I’m about ten feet up, covered in moonlight, and looking down into the brown April grass, waiting on these kids to come graffiti this wall. I’ve got with me a mallet and a long stick for stabbing and, frankly, if that doesn’t reek of old man than I’ve no idea what does. One of the little pecker heads I’m waiting for, a boy named Henry, has blonde hair and leads his pack of animals around like some ringleader at a circus; and, believe me, he’s got lions, tigers, and bears of a sort at his disposal. I know because I’ve watched his gang of kids for six months now. That’s longer than most of the hobbies I’ve ever had, but not as long as my marriage.
This other boy, Charles, he’s a big, bear-chested kid with an mop of hair. Calls himself a brute, which he must’ve heard from his master because he’s too dumb to come up with it himself. Henry seems to like Charles the best, because Charles gets things done without asking too many questions or expecting too many favors. Which is good because Henry likes kids who are willing to get their hands dirty for him, and it ain’t no playschool bullshit neither. If you don’t give Henry’s pack what they want they don’t take your lunch money, hang you up by your trousers, snap you with a wet towel. No, they fuck you up good … lemme tell you.
A month ago they caught this little boy named Reid by the collar on his way home. He’d been dodging them for a while, keeping his distance because they took a real dislike to him. Reid was skinny, wore glasses, had more red than a flare. They caught up with him and drug him off into the woods, savaged him, fed on his pain, pulled an arm out of his socket and broke a leg. This gang of kids … they’re mean. But it wasn’t just meanness that drove them to do horrible things. I think they get hungry and it drives them mad.
At night they come out and do bad shit: start fires, graffiti, kill livestock, bully, rape, rob, and instigate other evil. When I first started watching them months ago they kidnapped a woman from her house and took her to their place near the edge of Valley Hill. I never saw her again. It scares me what happened to her. If they tortured her, raped her, broke her bones … killed her. That upset me awful, but I hadn’t been sleeping by then. I’d already been laying awake in bed dreaming of the ghastly acts perpetrated by Henry’s band of creatures.
This was a few months after my wife died. For the life of me, I don’t remember how I got out alive. I only remember her screams as I went back into our house to find her, but I got so choked up with smoke that I passed out and didn’t wake until a fireman gave me CPR. By then, it was too late to go back inside.
I must have looked great in the grass crying my eyes out, covered in soot, my heart breaking at the prospect of a dead wife and no where to call home. I feared the endless days of loneliness and the nonexistent part I would play in life as a man who lost his wife. Even then, what scared me more, was the late-night hours in which I would hear her screams. There is no rest for the wicked – there is no sleep for a widower.
After the arson, I saw Henry’s gang leaving my house for their roost at the edge of Valley Hill.
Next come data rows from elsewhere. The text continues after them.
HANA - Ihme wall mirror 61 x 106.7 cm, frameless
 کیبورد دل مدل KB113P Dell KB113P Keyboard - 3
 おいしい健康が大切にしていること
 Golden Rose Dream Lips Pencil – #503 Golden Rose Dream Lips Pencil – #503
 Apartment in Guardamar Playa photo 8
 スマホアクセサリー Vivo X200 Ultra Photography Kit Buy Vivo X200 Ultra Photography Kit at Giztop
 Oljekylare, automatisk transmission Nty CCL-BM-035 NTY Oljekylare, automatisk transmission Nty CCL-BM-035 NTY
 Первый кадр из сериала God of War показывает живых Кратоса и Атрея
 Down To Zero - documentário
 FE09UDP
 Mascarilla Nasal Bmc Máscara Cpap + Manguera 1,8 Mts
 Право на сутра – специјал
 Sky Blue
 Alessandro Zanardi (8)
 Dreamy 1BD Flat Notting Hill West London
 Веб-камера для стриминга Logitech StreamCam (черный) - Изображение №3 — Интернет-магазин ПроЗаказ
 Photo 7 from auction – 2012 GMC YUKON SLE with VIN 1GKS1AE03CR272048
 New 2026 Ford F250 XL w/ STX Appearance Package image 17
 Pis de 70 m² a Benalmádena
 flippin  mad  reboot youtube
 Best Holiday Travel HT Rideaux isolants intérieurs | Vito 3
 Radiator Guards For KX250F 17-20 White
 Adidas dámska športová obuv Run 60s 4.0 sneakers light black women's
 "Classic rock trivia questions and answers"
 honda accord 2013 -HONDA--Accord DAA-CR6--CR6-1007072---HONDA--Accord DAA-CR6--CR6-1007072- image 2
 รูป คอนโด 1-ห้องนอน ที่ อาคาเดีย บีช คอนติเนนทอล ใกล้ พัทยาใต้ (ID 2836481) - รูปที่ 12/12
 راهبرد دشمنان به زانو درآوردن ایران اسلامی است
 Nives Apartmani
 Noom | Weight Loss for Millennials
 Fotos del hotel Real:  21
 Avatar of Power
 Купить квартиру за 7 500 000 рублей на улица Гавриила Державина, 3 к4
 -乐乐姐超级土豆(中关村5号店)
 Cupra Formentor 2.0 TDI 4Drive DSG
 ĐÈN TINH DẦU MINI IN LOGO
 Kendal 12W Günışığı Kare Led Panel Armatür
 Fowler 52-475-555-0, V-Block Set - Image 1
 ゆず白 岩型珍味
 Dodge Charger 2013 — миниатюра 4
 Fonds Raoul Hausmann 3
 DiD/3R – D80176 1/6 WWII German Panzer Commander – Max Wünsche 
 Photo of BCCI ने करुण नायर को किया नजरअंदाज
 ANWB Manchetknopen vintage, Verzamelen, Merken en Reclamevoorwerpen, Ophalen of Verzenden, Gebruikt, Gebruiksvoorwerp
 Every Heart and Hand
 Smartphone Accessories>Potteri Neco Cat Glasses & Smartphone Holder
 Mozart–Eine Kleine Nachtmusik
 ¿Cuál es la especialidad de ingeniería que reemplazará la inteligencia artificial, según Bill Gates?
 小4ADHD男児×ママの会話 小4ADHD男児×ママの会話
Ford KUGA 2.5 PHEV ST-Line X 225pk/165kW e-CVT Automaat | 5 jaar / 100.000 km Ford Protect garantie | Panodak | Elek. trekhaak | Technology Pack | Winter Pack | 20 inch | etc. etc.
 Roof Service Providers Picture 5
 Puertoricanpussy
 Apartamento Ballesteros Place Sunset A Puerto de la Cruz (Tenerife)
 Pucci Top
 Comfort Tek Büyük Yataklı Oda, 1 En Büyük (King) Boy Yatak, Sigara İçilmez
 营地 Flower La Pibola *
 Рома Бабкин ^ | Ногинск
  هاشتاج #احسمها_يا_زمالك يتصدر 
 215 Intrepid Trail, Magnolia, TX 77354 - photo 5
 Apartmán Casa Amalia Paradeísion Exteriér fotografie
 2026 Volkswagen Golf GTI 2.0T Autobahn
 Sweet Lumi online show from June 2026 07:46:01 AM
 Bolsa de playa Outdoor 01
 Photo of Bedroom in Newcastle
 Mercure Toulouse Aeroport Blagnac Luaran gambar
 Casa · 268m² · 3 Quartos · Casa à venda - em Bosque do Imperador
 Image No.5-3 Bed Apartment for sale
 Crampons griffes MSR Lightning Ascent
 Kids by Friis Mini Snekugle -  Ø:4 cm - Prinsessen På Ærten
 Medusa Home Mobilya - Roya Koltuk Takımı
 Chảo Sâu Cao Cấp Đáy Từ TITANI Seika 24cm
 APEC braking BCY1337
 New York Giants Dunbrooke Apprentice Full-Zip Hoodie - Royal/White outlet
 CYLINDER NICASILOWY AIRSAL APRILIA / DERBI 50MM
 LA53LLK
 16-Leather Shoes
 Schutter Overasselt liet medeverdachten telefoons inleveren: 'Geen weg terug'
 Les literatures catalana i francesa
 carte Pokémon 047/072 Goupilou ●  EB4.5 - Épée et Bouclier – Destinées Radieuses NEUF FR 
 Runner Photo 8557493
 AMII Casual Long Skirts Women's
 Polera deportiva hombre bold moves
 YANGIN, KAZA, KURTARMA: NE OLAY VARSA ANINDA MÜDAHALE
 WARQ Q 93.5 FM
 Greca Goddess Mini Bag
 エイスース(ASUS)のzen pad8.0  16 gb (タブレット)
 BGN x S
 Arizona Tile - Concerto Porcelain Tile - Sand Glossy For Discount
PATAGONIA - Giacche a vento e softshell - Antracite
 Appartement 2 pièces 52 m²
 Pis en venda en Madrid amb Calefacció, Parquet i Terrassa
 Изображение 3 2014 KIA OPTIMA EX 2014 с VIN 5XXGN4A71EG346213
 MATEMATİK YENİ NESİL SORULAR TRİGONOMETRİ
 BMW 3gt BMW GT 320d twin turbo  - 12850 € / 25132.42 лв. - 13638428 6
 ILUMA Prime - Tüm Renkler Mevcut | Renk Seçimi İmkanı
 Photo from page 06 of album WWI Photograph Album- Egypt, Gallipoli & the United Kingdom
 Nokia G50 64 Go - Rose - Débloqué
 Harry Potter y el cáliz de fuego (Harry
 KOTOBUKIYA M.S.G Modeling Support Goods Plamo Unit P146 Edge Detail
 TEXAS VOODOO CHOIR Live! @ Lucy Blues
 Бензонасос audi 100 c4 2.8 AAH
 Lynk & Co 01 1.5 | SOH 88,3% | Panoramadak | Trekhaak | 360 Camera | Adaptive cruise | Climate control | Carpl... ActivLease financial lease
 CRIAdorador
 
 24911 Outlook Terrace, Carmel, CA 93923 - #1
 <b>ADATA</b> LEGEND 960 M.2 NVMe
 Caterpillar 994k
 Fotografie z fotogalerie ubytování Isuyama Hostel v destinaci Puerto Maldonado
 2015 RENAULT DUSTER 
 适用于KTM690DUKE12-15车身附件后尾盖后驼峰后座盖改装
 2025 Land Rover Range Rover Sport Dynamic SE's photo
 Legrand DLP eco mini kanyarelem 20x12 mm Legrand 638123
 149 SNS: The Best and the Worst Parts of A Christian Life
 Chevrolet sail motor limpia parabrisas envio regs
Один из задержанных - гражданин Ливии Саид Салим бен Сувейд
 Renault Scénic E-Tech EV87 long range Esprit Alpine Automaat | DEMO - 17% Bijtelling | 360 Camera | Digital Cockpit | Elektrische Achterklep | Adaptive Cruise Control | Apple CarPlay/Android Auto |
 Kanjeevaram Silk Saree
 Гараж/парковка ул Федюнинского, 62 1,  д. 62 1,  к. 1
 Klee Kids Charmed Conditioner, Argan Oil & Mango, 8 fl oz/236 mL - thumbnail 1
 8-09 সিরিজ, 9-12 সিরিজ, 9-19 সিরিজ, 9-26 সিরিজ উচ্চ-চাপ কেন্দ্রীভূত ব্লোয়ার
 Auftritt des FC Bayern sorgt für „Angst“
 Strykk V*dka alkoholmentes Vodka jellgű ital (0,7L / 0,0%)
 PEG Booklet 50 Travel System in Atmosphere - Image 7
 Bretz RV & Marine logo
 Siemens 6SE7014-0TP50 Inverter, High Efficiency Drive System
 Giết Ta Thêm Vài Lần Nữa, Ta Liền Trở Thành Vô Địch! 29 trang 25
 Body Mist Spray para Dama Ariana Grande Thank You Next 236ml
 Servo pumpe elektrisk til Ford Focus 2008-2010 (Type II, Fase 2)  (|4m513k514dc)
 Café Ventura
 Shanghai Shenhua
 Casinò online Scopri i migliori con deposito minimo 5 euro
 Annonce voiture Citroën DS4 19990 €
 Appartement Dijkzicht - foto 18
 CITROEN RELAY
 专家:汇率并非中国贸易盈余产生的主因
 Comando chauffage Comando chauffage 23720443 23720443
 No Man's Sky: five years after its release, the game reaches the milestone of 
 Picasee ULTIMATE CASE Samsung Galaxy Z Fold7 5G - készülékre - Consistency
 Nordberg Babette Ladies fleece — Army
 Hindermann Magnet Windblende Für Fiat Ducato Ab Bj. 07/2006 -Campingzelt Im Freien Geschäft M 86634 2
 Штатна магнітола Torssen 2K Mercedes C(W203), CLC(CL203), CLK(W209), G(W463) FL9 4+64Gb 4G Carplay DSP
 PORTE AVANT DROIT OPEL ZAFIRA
Henry made eye contact and smiled his horrible, vicious smile. I was too hysterical to say anything and if I would have I doubt the cops would have gone after them. Children murdering adults didn’t happen in Valley Hill, whether we had a corn crop or not.
So I’ve followed them for some time now. I know they are coming here tonight to finish this horrible painting of a naked sacrifice to the pagan lord of the vampires. And here I sit with my mallet and my stake, waiting to strike out at them when they least expect me. I doubt I’ll leave this alive, but maybe the screams of their fallen will echo in their ears for eternity … and perhaps then I can get some sleep.